Can we “nudge” our cities into becoming smart?

fdghdf
Photo: pixabay.com

India has set high ambitions for the development of its cities through the Government’s “Smart Cities Mission”. The Norwegian Ambassador recently shared experiences from Norway with Indian city commissioners. A key takeaway from an evening of energetic discussions was that a “gentle nudge” may be more effective than a “big push”.
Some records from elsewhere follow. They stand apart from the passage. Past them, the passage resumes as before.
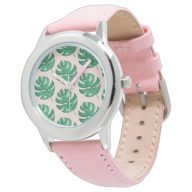 Modern Watercolor Leaves Pink &amp; Green Pattern Watch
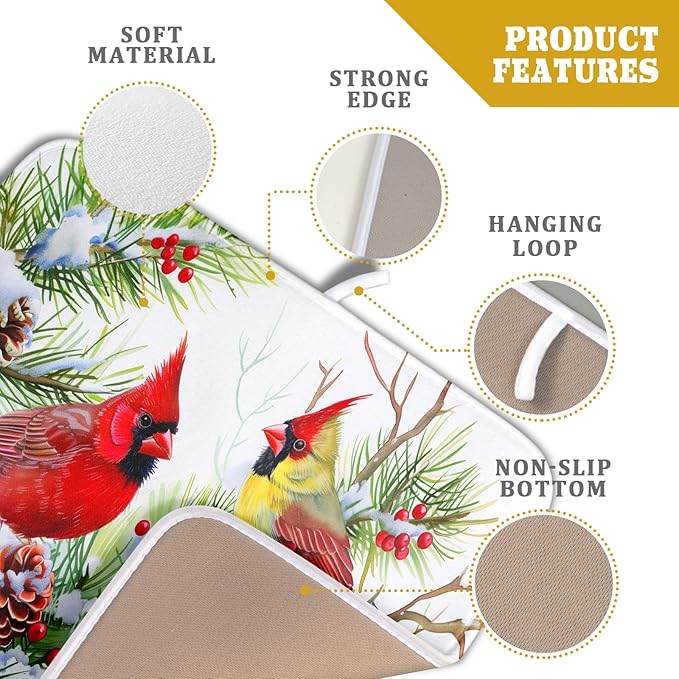 Giwawa Red Birds Dish Drying Mat, Xmas Tree Branch Holly Red Berries Dish - Image 4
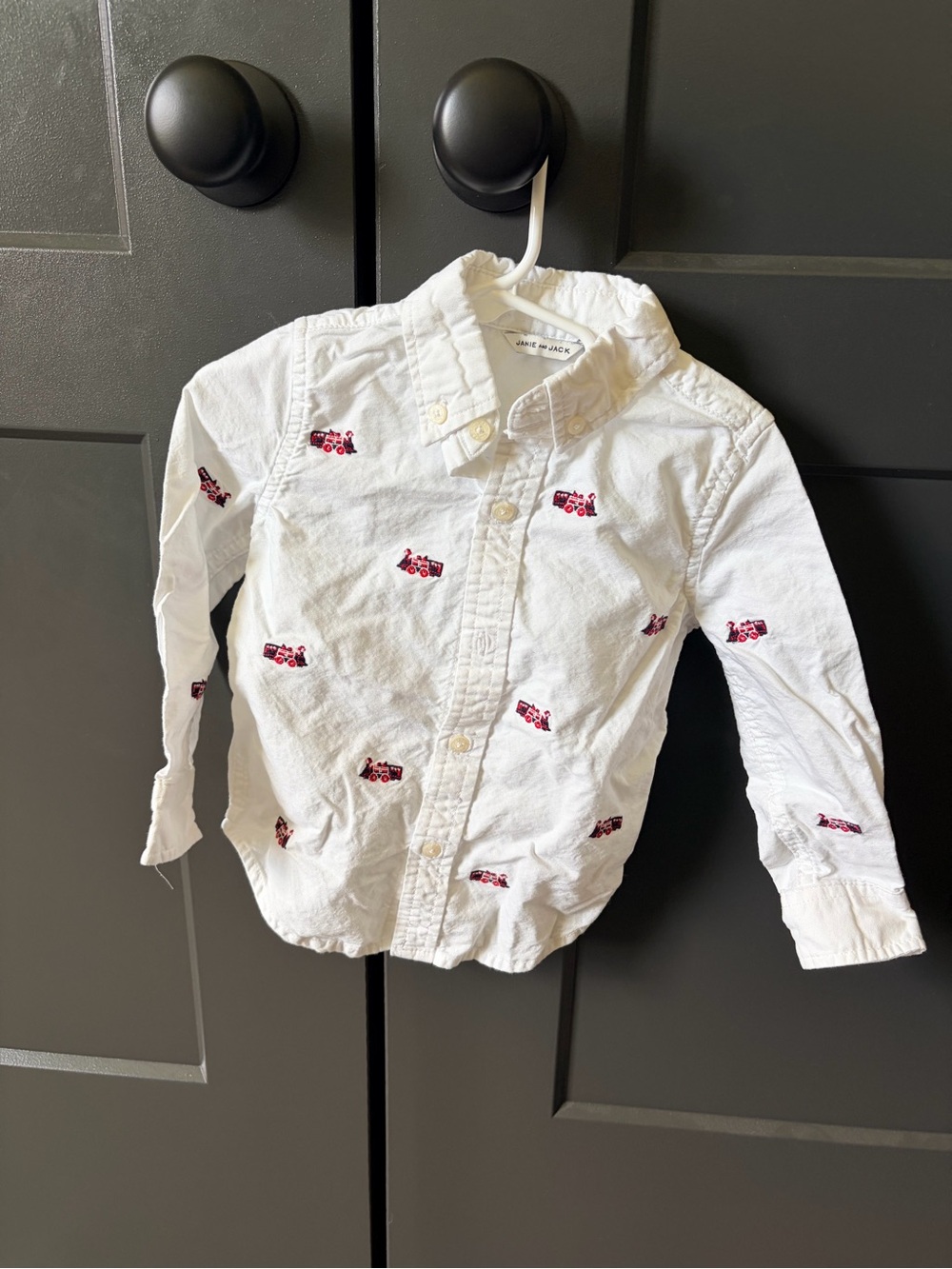 Janie and Jack White Button-Down Shirt with Train Embroidery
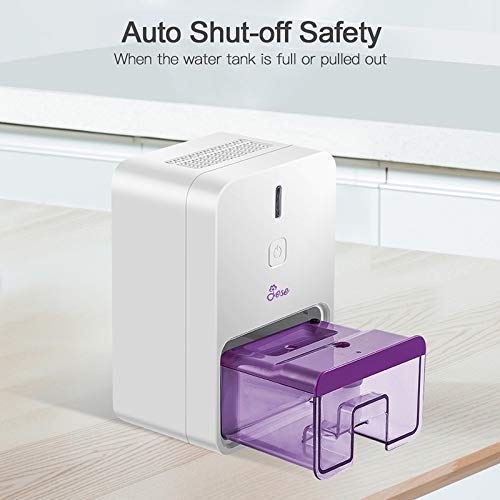 JESE Small Dehumidifier, Portable Dehumidifier for Bathroom 1800 Cubic Feet Electric Safe Dehumidifier for Bathroom, Bedroom, RV, Kitchen, Baby Room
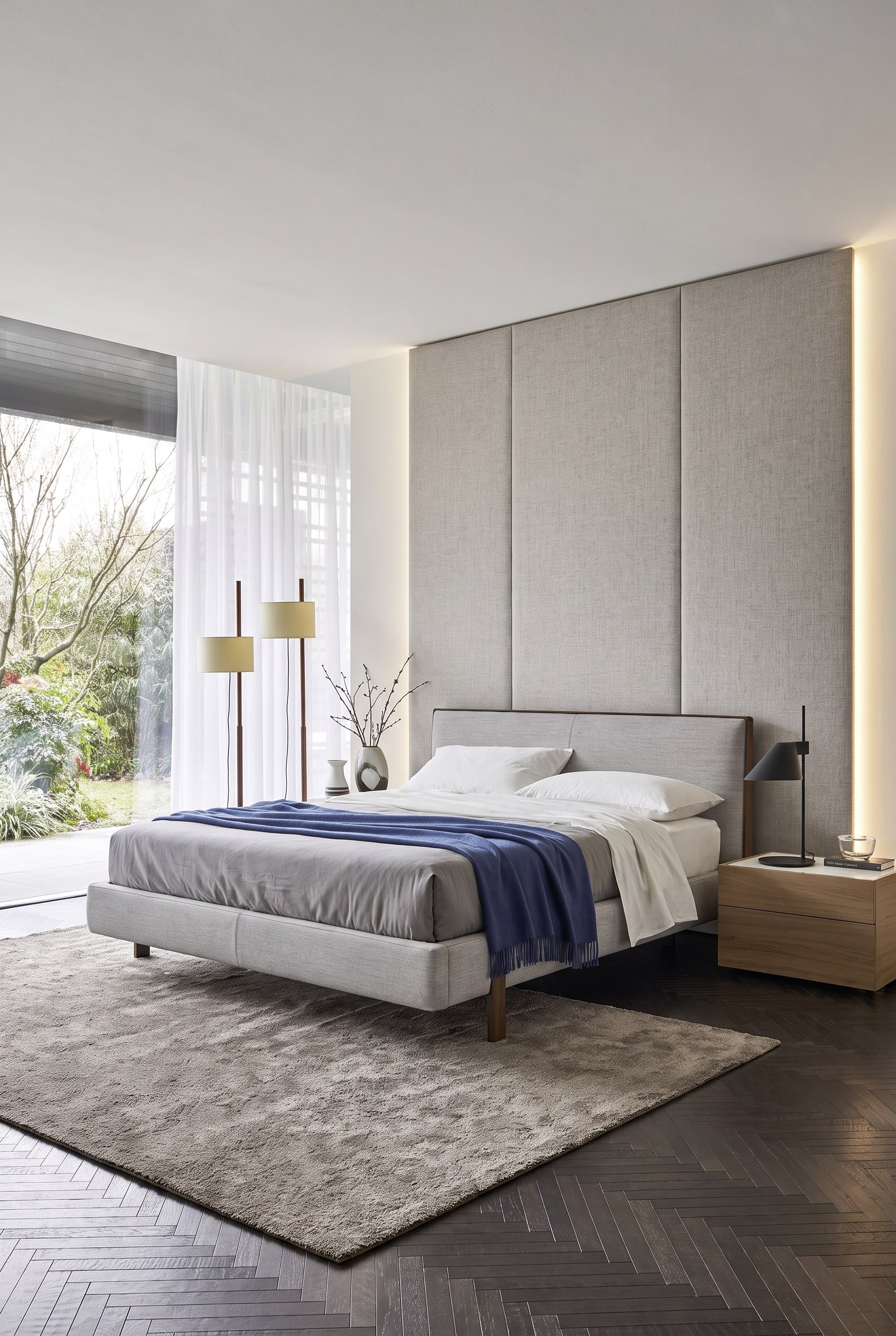 Modernes Schlafzimmer mit textilbezogenem Polsterbett vor einer gepolsterten Stoff-Wandverkleidung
More than half of the global population lives in cities, and the number is rising. Cities face a number of challenges in light of this population growth e.g. pollution and infrastructure under pressure.
 
India has set ambitious targets for its urban development through its “Smart Cities Mission”. The Norwegian Ambassador was recently asked to share Norway’s experience and technology with a number of Indian city commissioners during the Third Smart Republic Conference organised by the World Bank in collaboration with Mobilepedia in New Delhi. The Embassy and Innovation Norway were strategic partners to the event.
 
Ambassador Kamsvåg presented experiences and technology from Norway in all key areas of smart city-development. This included topics relating to smart energy (e.g. smart grid), smart resources (e.g. waste management) and smart transportation (e.g. smart e-vehicle charging).
 
There was particular interest in Norway’s shift towards electric vehicles. In spite of Norway’s population size of 5.2 million, it has one of world’s largest markets for electric vehicles in absolute terms. This is in part due to a “gentle nudge” from Norwegian authorities – creating the right financial incentives whilst investing heavily in charging infrastructure.
 
It was emphasised that the Norwegian public sector has not defined the technology itself. Instead, the private sector has been left to innovate and create efficient solutions within the political and regulatory space that has been created.
 
Ambassador Kamsvåg was pleased to discuss these issues with relevant Indian stakeholders, particularly in light of our common sustainable development goal of making cities “inclusive, safe, resilient and sustainable”. The conference brought together numerous stakeholders and decision-makers from Indian smart cities and the Government of India in order to further the Smart Cities Mission. The lively discussion after ambassador Kamsvåg’s presentation showed that the participants found much of interest in the Norwegian experience.  Norway looks forward to making a contribution in this key Indian initiative.